Personal information
- Born: 10 April 1962 (age 63) Titograd, SFR Yugoslavia
- Nationality: Montenigrin
- Height: 1.81 m (5 ft 11 in)
- Playing position: Centre back

Club information
- Current club: Retired

Senior clubs
- Years: Team
- 1976-1988: ŽRK Budućnost Podgorica
- 1988-1989: ŽRK Voždovac Belgrade
- 1989-1993: USM Gagny

National team
- Years: Team
- –: Yugoslavia

Medal record
Women's Handball
| Gold medal – first place | 1984 Los Angeles | Team |
World Championship
| Bronze medal – third place | 1982 Hungary | Team |

= Ljiljana Mugoša =

Handball player (born 1962)

Ljiljana Vučević, née Mugoša (born April 10, 1962 in Titograd, PR Montenegro, FPR Yugoslavia), is a former Yugoslav handball player who competed in the 1984 Summer Olympics and in the 1988 Summer Olympics.

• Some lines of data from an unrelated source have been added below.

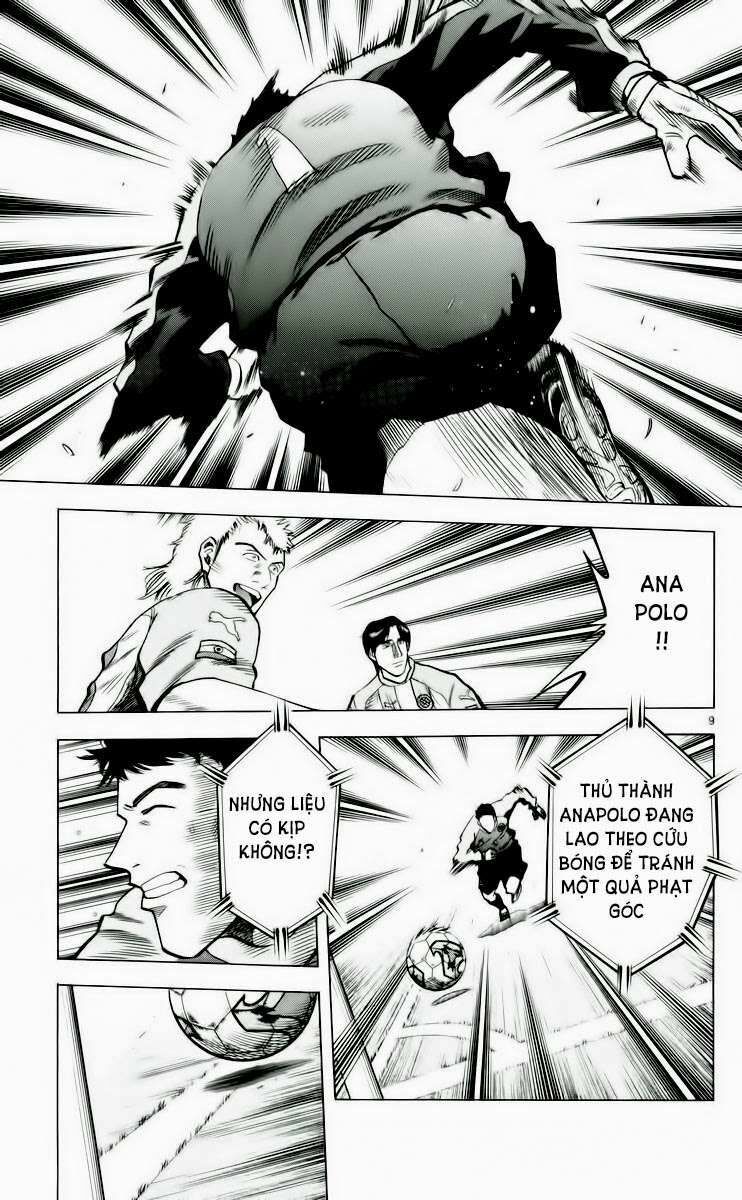 Vũ điệu trên sân cỏ - Fantasista: Chapter 187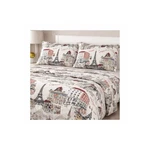Paris Eiffel Tower Sheet Set 4 Piece Full Queen King French Print Bedding. Fixed Price $38.69.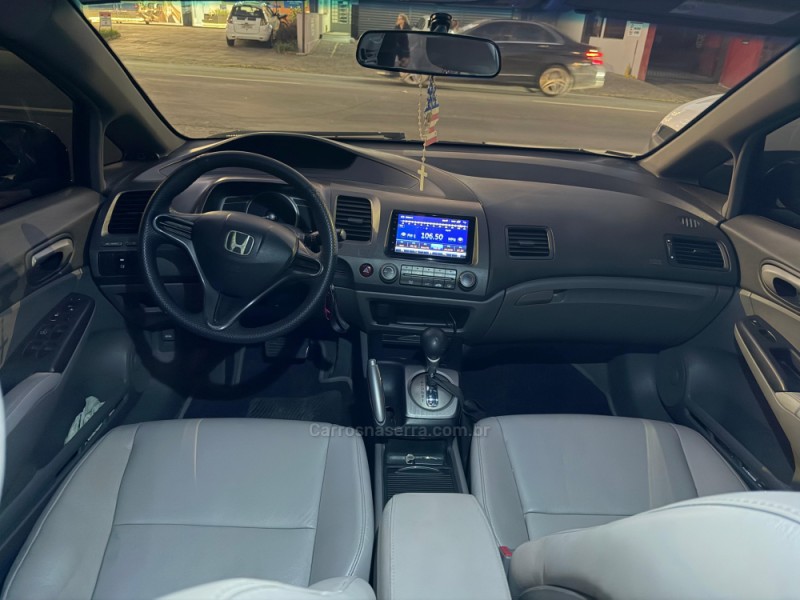 CIVIC 1.8 LXS 16V FLEX 4P MANUAL - 2008 - CAXIAS DO SUL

In 1984, she was a member of the Yugoslav handball team which won the gold medal. She played four matches and scored four goals.

Four years later she was part of the Yugoslav team which finished fourth. She played all five matches and scored five goals.

She is the sister of Svetlana Mugoša-Antić, who also played on the 1984 Gold winning team. They also played together at USM Gagny.